"Health literacy is the degree to which individuals have the capacity to obtain, process, and understand basic health information and services needed to make appropriate health decisions."
How to Improve Health Literacy
You might not know it, but October is National Health Literacy Month! What is health literacy? According to the National Institutes of Health, "Health literacy is the degree to which individuals have the capacity to obtain, process, and understand basic health information and services needed to make appropriate health decisions."
In other words, being health literate means having the skills to read, understand, and use health information in order to make good decisions about your health. It's important to be health literate because, as the NIH points out, "Health literacy plays a critical role in determining a person’s ability to navigate the complex U.S. healthcare system."
The good news is that there are plenty of ways to improve your health literacy! Keep reading to find out how.
3 Ways to Improve Your Health Literacy
1. Read, read, read! Start with easy-to-read materials like newspapers or magazines, then move on to more challenging sources like books or articles. As you become more comfortable with different types of reading material, you'll also become more comfortable understanding and using health information.

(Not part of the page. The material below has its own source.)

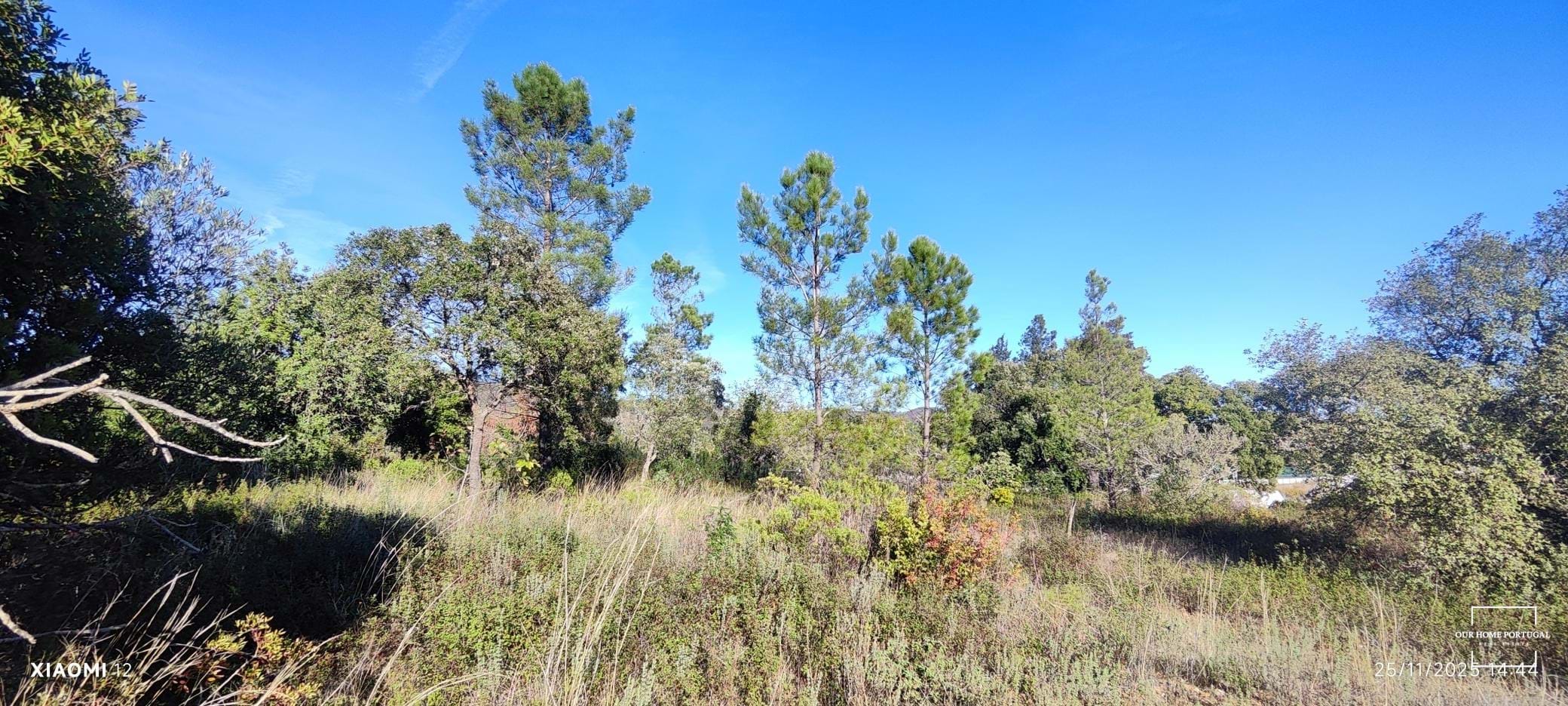 Land in Salir, Algarve, Portugal – OHP-005-147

2. Talk to your healthcare provider. If you don't understand something your doctor or nurse said, don't be afraid to ask for clarification. They're there to help you, after all! You can also ask your pharmacist questions about your medications—they're a great resource for information about side effects, drug interactions, and more.
3. Use reliable sources of information. When you're looking for health information online, stick to websites from credible organizations like government agencies (like the Centers for Disease Control and Prevention) or well-respected nonprofits (like the American Heart Association). These sites can provide you with accurate, up-to-date information that you can trust.
Improving your health literacy is a great way to empower yourself and take control of your health. By reading more and seeking out reliable sources of information, you can arm yourself with the knowledge you need to make informed decisions about your health. And don't forget—if you ever have any questions, your healthcare providers are always there to help!